# Digits Dataset Using K-Means Clustering

We are going to use the data set form sklearn.datasets.load_digits() to perform K-Means Clustering. We will use the K-Means Clustering to cluster the data into 10 clusters. We will then use the cluster centers to visualize the data.

In [149]:
import pandas as pd
import numpy as np
import matplotlib.pyplot as plt
from sklearn.datasets import load_digits


In [150]:
digits = load_digits()
print(digits.data)

[[ 0.  0.  5. ...  0.  0.  0.]
 [ 0.  0.  0. ... 10.  0.  0.]
 [ 0.  0.  0. ... 16.  9.  0.]
 ...
 [ 0.  0.  1. ...  6.  0.  0.]
 [ 0.  0.  2. ... 12.  0.  0.]
 [ 0.  0. 10. ... 12.  1.  0.]]


After loading the data and analyzing it. We have discovered that the data each entry is a 8x8 matrix. There a total of 1797 entries.

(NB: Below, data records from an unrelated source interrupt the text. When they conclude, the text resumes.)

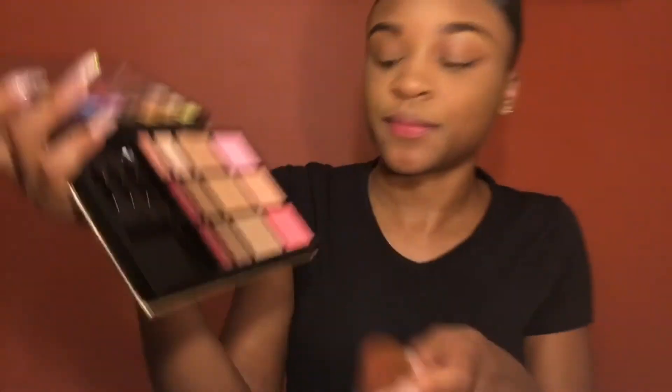Now that I'm done bronzing, I'm going to dust off the setting powder. I'm not setting under my contour today because this is just a simple summer routine — I don't wear a lot of makeup in the summer because it's hot. Now I'm going to add just a little blush from my Pro Fusion palette.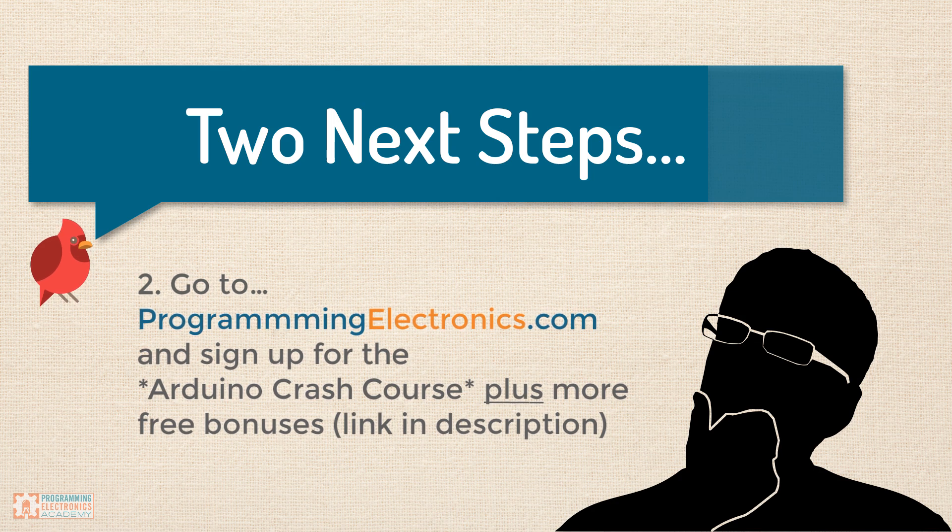Again, that's programmingelectronics.com — sign up for the Arduino crash course and that's going to get you up and running before you know it. Thanks and have an awesome day!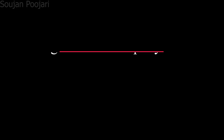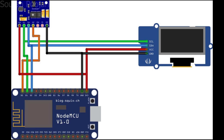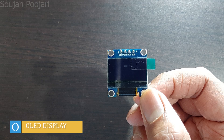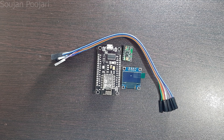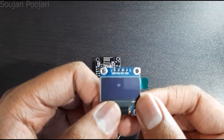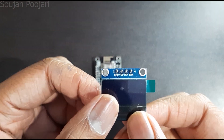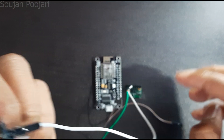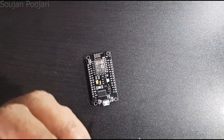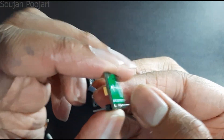Step two: using OLED display. In this step, the additional component is the OLED display. Connect VIN of the MAX30100 to VDD of the OLED display and 3 volts of the NodeMCU.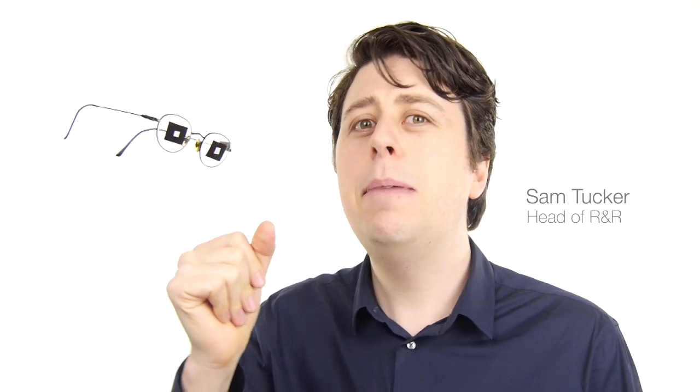Yes, Tim, of course. We'll get onto it straight away. Look, I have no idea how this happened. Hang on a sec. They got me again! Hi, I'm Sam Tucker from Apple, and today we have to apologise about a very serious flaw in our Face Unlock.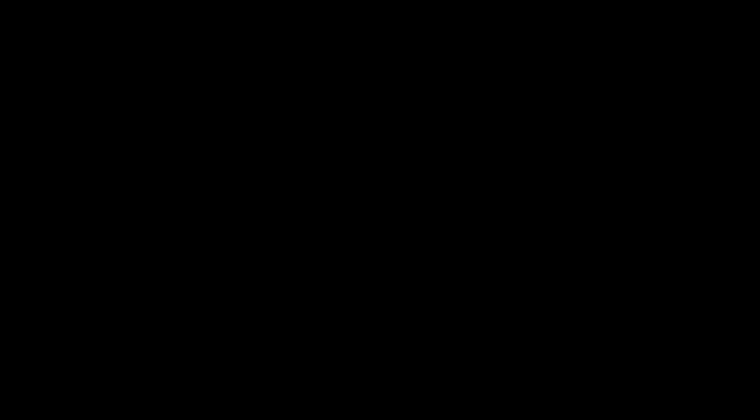Exercise 25. Nine-note scale, merging vowels while ascending.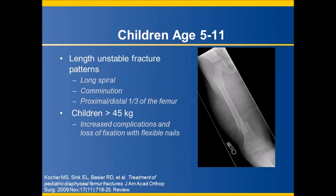For length-unstable fracture patterns with long spirals or comminution, or those involving the proximal or distal third of the femur such as subtrochanteric type, flexible nails typically will not provide adequate stability and have been shown to have a higher complication rate with higher rates of loss of fixation. Additionally, larger children weighing more than 45 kilograms in this age range also have higher rates of failure when treated with flexible nails.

Now that we have in mind how are data looks like, we can analyze our target data

In [151]:
target = digits.target

The target data shows that there will be 9 possible clusters representing natural number from 0-9 for our data. Lets visualize the data to see how it looks like.

In [152]:
plt.gray()
plt.matshow(digits.images[9])
plt.show()

Create model and train it

In [153]:
from sklearn.cluster import KMeans

In [154]:
kmeans = KMeans(n_clusters=10, random_state=42)
kmeans.fit(digits.data)



# Visualize the data

In [155]:
fig = plt.figure(figsize=(8, 3))
fig.suptitle('Cluster Center Images', fontsize=14, fontweight='bold')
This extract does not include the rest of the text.